In connection with distributions of the common stock, the selling shareholders
may enter into hedging transactions with brokers or dealers and the brokers or
dealers may engage in short sales of the common stock in the course of hedging
the positions they assume with the selling shareholders.  The selling
shareholders also may enter into option or other transactions with brokers or
dealers that involve the delivery of the common stock to the brokers or dealers,
who may then recall or otherwise transfer such common stock.  The selling
shareholders also may loan or pledge the common stock to a broker or dealer and
the broker or dealer may sell the common stock so loaned or upon default may
sell or otherwise transfer the pledged common stock.

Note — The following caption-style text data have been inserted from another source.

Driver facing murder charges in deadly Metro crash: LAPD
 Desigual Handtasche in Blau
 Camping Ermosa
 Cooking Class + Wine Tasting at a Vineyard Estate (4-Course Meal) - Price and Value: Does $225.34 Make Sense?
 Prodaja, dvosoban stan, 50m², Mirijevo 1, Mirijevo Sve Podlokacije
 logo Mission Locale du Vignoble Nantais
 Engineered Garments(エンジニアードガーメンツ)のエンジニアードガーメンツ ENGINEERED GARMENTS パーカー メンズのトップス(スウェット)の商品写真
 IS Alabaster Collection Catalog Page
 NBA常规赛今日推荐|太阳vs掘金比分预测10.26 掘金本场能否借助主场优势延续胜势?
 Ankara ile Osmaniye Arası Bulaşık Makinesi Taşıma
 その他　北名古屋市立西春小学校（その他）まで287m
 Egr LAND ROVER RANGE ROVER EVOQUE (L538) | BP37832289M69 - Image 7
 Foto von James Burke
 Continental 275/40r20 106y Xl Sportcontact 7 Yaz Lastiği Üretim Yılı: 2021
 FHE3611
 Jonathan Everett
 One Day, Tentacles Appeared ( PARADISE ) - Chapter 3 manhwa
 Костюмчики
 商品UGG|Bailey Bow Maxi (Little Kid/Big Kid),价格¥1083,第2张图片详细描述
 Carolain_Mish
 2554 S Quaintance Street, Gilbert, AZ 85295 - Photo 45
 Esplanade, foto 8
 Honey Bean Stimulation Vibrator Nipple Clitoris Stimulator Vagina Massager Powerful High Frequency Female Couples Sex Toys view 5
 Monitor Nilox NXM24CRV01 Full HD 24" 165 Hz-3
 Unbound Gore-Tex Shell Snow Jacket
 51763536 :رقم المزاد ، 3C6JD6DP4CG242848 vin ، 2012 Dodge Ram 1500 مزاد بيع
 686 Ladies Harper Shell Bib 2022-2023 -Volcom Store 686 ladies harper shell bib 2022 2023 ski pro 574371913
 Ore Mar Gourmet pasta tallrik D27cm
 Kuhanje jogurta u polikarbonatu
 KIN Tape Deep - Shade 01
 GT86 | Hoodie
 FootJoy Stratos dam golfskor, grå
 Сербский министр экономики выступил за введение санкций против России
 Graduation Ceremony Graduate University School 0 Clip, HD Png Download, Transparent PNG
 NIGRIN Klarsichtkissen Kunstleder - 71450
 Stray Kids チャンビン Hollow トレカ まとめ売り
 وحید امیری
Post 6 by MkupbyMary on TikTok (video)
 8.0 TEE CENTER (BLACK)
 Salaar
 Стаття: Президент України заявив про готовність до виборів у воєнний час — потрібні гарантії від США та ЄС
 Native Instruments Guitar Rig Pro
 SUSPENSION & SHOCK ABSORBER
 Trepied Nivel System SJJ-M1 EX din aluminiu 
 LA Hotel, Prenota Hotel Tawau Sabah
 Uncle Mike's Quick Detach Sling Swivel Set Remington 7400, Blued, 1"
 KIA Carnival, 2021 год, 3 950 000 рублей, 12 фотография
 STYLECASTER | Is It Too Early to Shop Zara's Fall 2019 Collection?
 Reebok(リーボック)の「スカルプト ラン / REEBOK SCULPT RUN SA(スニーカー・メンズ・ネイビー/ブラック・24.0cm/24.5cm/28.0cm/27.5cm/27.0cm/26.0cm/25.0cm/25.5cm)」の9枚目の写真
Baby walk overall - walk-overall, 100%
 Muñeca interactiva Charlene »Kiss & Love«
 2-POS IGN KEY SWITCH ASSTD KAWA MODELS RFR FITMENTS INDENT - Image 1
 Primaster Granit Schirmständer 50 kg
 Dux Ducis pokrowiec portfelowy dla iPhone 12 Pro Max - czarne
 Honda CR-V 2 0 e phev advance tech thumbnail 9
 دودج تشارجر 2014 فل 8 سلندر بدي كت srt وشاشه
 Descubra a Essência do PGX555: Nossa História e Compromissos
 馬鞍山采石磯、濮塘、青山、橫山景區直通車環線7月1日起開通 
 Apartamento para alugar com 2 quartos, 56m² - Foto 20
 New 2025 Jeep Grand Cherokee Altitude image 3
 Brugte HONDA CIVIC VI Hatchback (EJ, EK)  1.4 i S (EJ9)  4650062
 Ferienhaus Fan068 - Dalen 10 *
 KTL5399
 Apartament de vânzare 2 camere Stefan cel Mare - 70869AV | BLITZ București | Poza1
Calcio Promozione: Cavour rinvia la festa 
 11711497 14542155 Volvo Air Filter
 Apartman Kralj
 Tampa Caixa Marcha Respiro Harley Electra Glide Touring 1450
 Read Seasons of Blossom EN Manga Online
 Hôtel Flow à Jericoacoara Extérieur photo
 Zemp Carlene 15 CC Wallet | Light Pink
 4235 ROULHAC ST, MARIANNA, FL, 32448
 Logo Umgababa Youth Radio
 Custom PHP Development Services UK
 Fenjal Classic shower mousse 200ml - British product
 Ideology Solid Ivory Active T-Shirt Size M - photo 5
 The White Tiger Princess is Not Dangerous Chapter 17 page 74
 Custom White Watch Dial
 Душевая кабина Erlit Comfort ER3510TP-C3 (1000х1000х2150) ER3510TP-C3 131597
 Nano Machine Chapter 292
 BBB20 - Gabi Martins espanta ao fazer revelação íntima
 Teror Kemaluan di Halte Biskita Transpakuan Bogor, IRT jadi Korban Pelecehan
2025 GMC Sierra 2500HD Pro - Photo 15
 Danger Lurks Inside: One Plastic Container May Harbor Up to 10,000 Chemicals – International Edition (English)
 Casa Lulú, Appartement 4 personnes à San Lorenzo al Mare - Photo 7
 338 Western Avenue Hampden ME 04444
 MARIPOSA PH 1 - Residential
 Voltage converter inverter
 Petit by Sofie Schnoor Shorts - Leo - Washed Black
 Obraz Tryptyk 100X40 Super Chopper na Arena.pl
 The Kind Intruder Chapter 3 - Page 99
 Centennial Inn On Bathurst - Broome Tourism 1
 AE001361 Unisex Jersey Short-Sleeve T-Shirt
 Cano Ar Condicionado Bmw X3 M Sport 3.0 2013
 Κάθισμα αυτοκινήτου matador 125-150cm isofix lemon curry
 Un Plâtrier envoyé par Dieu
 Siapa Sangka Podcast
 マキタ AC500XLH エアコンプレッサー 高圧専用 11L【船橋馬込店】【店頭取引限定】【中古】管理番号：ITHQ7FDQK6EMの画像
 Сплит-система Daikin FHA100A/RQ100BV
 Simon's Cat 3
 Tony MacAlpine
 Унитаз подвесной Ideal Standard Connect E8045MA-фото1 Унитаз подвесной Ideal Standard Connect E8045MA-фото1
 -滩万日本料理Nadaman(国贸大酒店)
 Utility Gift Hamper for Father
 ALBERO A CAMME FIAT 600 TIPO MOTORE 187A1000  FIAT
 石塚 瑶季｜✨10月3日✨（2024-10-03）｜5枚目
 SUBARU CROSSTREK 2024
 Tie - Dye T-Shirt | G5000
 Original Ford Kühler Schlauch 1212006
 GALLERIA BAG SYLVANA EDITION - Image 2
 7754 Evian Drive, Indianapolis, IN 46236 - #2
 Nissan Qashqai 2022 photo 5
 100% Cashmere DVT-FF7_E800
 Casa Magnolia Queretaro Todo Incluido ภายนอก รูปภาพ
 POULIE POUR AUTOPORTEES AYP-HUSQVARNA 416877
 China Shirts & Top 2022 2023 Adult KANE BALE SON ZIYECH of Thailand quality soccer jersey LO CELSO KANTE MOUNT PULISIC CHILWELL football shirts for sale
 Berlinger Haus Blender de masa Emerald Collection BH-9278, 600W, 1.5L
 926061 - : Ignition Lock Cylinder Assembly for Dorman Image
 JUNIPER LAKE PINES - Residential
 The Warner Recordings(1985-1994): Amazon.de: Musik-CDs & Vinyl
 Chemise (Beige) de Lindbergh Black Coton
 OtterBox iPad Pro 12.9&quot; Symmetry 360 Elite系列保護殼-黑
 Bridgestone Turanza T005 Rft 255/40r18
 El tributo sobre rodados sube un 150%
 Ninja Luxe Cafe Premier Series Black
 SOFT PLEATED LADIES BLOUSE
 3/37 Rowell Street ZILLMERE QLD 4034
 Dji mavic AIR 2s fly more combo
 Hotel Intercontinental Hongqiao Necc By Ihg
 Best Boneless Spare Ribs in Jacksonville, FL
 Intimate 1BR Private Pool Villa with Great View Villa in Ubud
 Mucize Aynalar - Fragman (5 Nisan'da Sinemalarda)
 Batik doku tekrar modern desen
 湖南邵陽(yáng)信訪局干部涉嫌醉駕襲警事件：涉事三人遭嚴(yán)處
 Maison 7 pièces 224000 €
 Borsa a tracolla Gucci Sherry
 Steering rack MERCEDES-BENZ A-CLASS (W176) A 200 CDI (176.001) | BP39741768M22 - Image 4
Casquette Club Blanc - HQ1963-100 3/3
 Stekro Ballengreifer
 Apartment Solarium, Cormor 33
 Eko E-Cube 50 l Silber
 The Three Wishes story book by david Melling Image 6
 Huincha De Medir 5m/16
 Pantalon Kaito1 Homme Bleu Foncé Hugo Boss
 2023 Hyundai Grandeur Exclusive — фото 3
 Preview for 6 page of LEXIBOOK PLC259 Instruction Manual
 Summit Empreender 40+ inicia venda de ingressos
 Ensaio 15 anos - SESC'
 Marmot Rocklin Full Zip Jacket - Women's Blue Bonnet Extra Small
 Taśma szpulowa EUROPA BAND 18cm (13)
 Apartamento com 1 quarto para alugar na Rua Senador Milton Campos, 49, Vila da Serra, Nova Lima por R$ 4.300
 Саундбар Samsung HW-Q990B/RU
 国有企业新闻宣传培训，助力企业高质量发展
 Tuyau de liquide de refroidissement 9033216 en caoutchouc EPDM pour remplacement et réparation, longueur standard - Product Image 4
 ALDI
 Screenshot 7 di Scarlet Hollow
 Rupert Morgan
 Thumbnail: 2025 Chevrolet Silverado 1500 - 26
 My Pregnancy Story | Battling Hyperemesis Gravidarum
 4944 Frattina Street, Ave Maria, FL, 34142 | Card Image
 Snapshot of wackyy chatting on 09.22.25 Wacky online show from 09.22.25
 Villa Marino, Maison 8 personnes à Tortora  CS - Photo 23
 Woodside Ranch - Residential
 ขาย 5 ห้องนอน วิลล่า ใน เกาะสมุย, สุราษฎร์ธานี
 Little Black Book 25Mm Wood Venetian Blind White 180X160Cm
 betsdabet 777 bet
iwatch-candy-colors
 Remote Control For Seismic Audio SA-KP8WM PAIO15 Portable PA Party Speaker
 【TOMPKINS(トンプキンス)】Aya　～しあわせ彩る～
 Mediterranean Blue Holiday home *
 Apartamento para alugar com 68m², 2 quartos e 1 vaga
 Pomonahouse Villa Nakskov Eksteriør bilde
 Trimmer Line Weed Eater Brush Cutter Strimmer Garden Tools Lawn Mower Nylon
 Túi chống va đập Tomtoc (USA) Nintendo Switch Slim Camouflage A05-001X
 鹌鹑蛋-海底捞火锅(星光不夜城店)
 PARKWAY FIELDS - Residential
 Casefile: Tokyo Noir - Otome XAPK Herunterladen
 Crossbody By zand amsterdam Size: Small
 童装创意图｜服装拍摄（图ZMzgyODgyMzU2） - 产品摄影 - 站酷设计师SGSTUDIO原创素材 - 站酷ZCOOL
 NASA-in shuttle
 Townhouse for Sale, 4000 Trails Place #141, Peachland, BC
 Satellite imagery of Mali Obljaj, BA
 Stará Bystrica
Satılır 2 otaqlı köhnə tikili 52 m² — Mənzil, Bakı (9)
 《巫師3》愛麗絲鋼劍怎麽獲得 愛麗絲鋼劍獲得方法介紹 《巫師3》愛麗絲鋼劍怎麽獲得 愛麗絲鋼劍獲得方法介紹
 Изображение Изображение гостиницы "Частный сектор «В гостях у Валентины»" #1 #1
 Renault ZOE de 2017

The Company is bearing all costs relating to the registration of the
shares.  Any commissions, discounts or other fees payable to brokers or dealers
in connection with any sale of the shares will be borne by the selling
shareholders, the purchasers of the shares, or both.  The Company will receive
none of the proceeds from the sale of the shares by the selling shareholders.
The Company and the selling shareholders each have agreed to indemnify the other
against certain liabilities, including liabilities arising under the Securities
Act, that relate to statements or omissions in the registration statement of
which this prospectus forms a part.



	EXPERTS

The balance sheets of The Vermont Teddy Bear Co., Inc. as of June 30, 1998,
and June 30, 1999, and the related statements of operations, stockholders'
equity and cash flows for each of the three years in the period ended June 30,
1999, incorporated by reference into this prospectus, have been audited by
Arthur Andersen LLP, independent auditors, as stated in their reports with
respect thereto.  Such financial statements have been so incorporated in
reliance on the reports of such firm given upon their authority as experts in
accounting and auditing.



	LIMITATION OF LIABILITY AND INDEMNIFICATION

The Company's Amended and Restated Articles of Incorporation provide that,
to the fullest extent permitted by the New York Business Corporation Act, the
Company's directors will not be liable for monetary damages to the Company or
its shareholders, excluding, however, liability for acts or omissions involving
intentional misconduct or knowing violations of law, illegal distributions or
transactions from which the director receives benefits to which the director is
not legally entitled.  The Company's Amended and Restated Bylaws provide that
the Company will indemnify its directors and, by action of the Board of
Directors, may indemnify its officers, employees and other agents of the Company
to the fullest extent permitted by applicable law, except for any legal
proceeding that is initiated by such directors, officers, employees or agents
without authorization of the Board of Directors.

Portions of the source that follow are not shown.